===== DATA BLOCK

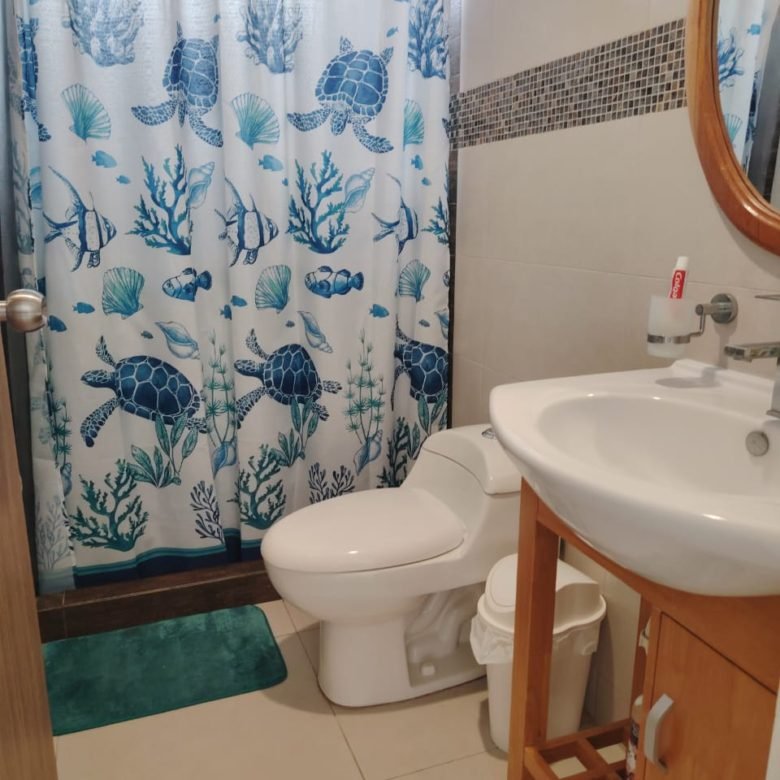 Casa en Residencial con Piscina – Sector de Playa: Las Lajas, 2 Recs, Amoblada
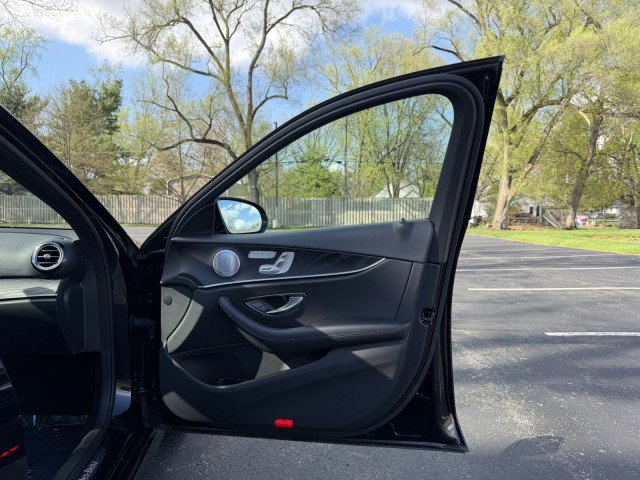 Certified 2019 Mercedes-Benz E 300 4MATIC image 29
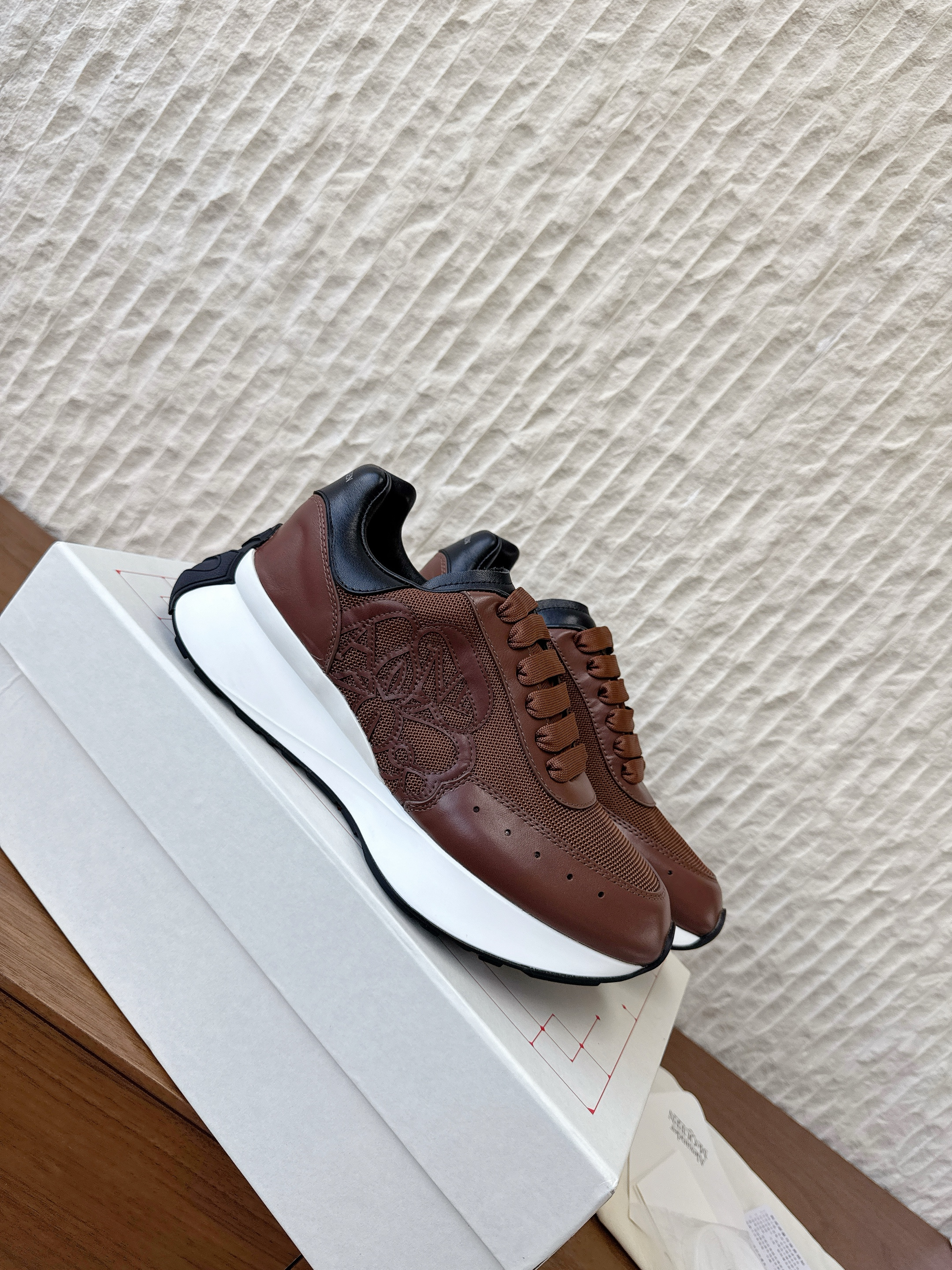 Alexander McQueen 2025 Fall Winter New Arrival Couple's Sports Casual Shoes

==========

▶ **YOUR ASSIGNMENT**
Leave the pictures out, and copy exactly each line from the one containing "Certified 2019 Mercedes-Benz" through the final line of the data.

▶ **WRITTEN RESPONSE**
 Certified 2019 Mercedes-Benz E 300 4MATIC image 29
 Alexander McQueen 2025 Fall Winter New Arrival Couple's Sports Casual Shoes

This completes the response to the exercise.